Intraosseous Devices
Intraosseous access is indicated when intravenous access cannot be obtained or cannot be obtained in a timely manner (within 90 seconds10) and access to venous circulation is needed for the administration of medications or fluids.
PREREQUISITE NURSING KNOWLEDGE
• Intraosseous (IO) access is a safe and reliable access point into the noncollapsible marrow cavity that allows direct access to the venous circulation.
• The Volkmann’s canals that are located throughout the bone connect with the medullary canal and the blood vessels of the periosteum (Fig. 84-1). When medications and fluids are introduced into the medullary canal, they flow through the vascular plexi directly into the vascular system.6
Figure 84-1 IO Circulation. (From Day MW: Intraossesous devices in the adult trauma patient,Crit Care Nurs. In press.)

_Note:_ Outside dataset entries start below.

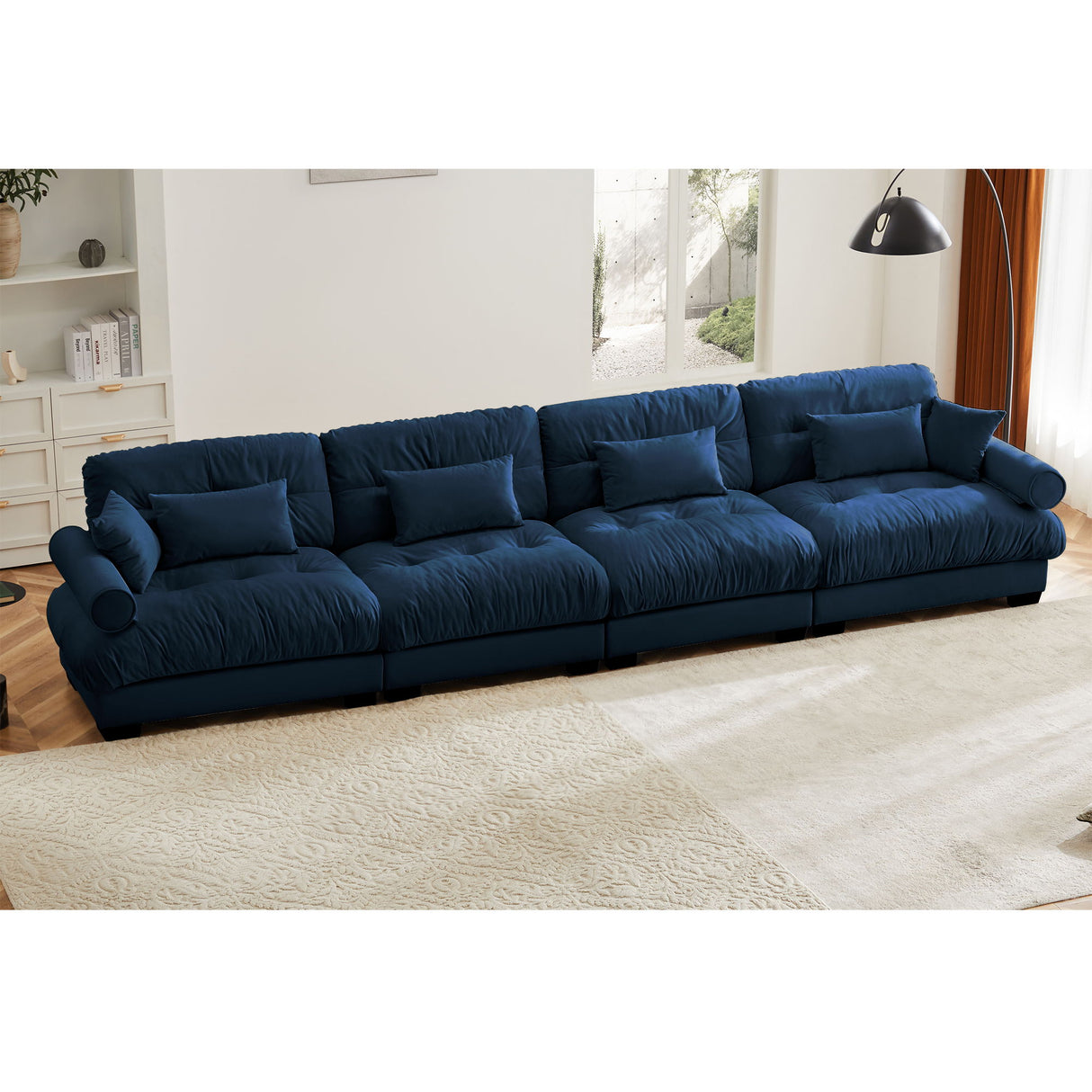Super Comfort Oversized Modular Velvet Sectional Sofa, Deep Seat Convertible L Shaped Couch
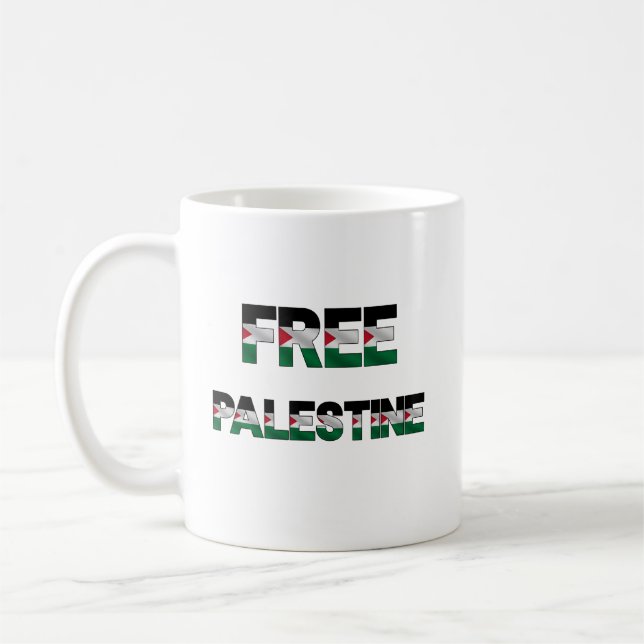 Frihet för Palestina Flagga Brev Unity Pride Freed Kaffemugg (Vänster)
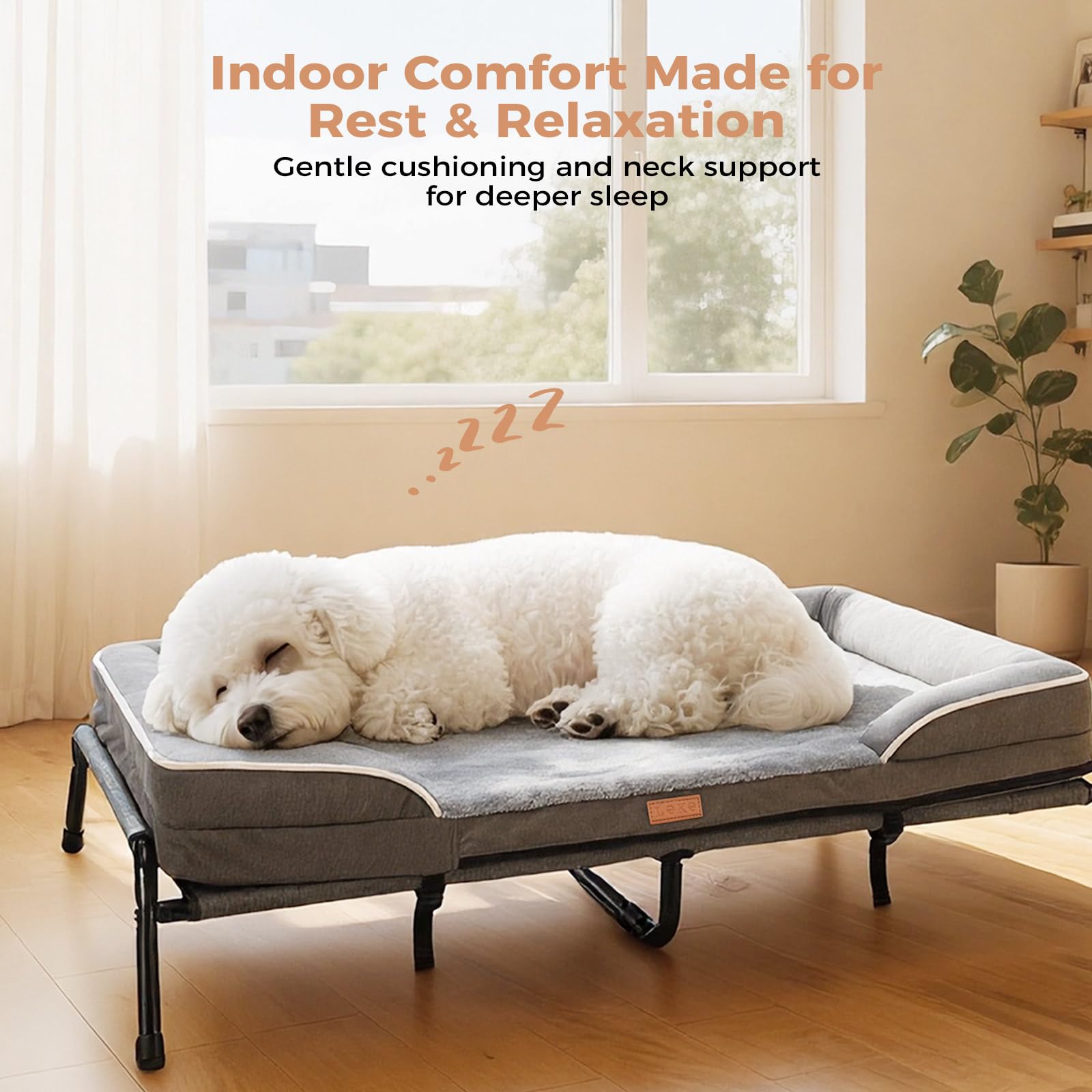 Lekereise raised dog bed 2-in-1 design for versatile use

• Insertion devices are available for insertion of IO needles.6 These devices include the bone injection gun (BIG; Waismed, a Persys Medical Co, Houston, TX; Fig. 84-2), the FAST1 adult intraosseous infusion system (Pyng Medical Corp, Vancouver, BC, Canada, Fig. 84-3), and the EZ-IO (Vidacare Corp, Shavano Park, TX; Fig. 84-4). These three devices are approved by the US Food and Drug Administration (FDA) for IO access in adult patients. Two of the devices (BIG, EZ-IO) use a specially designed needle with a stylet or trocar. The third device (FAST1) uses a metal-tipped plastic catheter.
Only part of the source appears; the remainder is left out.